• _Task statement_:
Locate the line bearing "Sandales Jenny 85 en cuir lisse - Or" in the material below, then reproduce it and each following line up to and including the line bearing "Tongue Vibrator Tiny".

--------------------------------------------------

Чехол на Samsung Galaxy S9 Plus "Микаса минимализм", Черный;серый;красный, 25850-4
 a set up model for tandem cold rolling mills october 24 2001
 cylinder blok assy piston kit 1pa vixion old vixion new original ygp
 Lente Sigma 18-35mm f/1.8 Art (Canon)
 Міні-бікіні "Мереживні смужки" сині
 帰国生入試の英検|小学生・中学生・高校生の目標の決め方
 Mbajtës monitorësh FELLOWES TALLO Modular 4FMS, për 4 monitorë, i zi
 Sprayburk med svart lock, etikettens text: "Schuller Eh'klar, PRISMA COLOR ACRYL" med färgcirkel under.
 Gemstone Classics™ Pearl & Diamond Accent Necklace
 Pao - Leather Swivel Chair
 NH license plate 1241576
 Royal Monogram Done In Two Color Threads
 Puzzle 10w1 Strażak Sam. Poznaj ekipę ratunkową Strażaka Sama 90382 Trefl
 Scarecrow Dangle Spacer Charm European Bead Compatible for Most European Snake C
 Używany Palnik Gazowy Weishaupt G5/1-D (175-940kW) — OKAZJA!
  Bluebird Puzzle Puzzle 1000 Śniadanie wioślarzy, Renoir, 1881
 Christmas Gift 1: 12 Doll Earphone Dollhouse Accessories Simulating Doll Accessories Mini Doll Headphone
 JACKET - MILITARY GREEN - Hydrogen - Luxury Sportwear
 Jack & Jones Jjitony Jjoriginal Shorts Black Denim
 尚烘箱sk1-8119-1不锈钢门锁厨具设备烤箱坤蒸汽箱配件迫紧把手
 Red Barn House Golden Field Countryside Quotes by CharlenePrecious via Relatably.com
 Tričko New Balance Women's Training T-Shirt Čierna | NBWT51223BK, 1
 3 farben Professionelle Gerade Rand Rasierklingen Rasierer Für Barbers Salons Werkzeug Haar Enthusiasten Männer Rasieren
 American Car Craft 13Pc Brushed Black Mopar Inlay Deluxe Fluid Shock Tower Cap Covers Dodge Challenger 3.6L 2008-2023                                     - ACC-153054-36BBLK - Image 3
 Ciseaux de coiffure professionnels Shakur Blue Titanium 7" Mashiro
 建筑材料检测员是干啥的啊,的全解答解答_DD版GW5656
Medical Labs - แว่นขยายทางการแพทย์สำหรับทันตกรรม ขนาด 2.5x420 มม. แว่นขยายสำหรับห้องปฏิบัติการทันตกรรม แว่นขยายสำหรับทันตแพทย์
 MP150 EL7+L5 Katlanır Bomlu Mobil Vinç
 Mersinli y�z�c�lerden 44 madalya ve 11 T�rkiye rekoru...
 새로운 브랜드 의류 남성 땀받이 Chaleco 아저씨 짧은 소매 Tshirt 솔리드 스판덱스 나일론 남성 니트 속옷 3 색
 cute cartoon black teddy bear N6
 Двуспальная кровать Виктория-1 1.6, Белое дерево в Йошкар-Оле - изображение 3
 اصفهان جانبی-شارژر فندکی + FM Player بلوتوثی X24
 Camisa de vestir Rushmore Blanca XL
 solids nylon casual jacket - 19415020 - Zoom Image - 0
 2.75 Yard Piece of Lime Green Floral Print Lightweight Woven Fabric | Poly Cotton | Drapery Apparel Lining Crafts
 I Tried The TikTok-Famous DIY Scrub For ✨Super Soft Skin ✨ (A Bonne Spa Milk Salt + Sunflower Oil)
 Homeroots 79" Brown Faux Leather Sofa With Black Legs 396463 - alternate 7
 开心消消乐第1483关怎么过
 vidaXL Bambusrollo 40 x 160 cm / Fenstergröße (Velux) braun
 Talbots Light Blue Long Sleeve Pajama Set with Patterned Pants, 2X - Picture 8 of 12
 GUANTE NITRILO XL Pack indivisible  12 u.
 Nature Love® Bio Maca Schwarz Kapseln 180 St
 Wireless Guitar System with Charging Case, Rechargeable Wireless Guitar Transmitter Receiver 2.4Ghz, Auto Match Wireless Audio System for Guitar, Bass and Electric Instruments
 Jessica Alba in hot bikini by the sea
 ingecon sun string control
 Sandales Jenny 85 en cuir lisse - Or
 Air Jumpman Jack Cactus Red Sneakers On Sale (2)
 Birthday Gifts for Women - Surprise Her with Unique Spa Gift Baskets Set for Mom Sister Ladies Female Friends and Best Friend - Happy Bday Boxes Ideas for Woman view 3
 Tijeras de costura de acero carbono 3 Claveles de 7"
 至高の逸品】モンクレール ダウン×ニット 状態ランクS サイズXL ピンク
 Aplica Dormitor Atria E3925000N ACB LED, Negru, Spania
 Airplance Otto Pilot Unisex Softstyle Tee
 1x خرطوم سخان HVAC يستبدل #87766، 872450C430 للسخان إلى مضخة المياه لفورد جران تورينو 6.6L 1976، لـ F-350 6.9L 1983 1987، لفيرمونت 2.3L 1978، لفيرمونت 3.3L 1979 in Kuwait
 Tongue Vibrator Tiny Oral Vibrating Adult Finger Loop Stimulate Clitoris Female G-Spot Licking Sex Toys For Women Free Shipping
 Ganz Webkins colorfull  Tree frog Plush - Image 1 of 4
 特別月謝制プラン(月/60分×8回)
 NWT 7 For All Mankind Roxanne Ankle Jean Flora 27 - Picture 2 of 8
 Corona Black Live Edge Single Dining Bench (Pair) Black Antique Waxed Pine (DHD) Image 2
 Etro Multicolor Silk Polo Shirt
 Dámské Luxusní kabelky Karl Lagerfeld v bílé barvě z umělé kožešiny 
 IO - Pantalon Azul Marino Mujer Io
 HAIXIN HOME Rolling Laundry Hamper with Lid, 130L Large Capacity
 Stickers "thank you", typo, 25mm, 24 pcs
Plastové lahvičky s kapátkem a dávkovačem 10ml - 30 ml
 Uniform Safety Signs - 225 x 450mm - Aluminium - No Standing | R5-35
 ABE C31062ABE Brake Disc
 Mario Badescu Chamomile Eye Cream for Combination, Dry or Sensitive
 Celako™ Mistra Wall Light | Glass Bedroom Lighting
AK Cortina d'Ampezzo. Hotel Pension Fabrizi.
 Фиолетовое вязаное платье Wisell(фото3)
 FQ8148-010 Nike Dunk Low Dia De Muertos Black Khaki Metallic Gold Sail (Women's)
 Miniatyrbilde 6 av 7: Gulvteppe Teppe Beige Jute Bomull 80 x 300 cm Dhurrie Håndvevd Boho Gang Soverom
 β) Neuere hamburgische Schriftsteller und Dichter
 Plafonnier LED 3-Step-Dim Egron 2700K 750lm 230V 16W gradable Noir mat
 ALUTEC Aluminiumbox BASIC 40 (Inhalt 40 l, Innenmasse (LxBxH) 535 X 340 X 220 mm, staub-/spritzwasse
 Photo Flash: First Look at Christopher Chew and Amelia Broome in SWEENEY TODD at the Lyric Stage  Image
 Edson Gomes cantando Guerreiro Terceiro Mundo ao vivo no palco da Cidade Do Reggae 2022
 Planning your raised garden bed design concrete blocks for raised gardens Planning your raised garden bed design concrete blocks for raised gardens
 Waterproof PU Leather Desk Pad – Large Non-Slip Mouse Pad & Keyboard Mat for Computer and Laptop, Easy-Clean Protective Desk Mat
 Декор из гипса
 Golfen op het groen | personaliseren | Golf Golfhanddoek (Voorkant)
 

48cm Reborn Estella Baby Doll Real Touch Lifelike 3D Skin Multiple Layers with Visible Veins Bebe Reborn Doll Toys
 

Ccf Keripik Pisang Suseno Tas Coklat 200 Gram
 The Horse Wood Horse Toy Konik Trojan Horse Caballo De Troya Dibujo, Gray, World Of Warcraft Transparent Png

--------------------------------------------------

• _Task result_:
 Sandales Jenny 85 en cuir lisse - Or
 Air Jumpman Jack Cactus Red Sneakers On Sale (2)
 Birthday Gifts for Women - Surprise Her with Unique Spa Gift Baskets Set for Mom Sister Ladies Female Friends and Best Friend - Happy Bday Boxes Ideas for Woman view 3
 Tijeras de costura de acero carbono 3 Claveles de 7"
 至高の逸品】モンクレール ダウン×ニット 状態ランクS サイズXL ピンク
 Aplica Dormitor Atria E3925000N ACB LED, Negru, Spania
 Airplance Otto Pilot Unisex Softstyle Tee
 1x خرطوم سخان HVAC يستبدل #87766، 872450C430 للسخان إلى مضخة المياه لفورد جران تورينو 6.6L 1976، لـ F-350 6.9L 1983 1987، لفيرمونت 2.3L 1978، لفيرمونت 3.3L 1979 in Kuwait
 Tongue Vibrator Tiny Oral Vibrating Adult Finger Loop Stimulate Clitoris Female G-Spot Licking Sex Toys For Women Free Shipping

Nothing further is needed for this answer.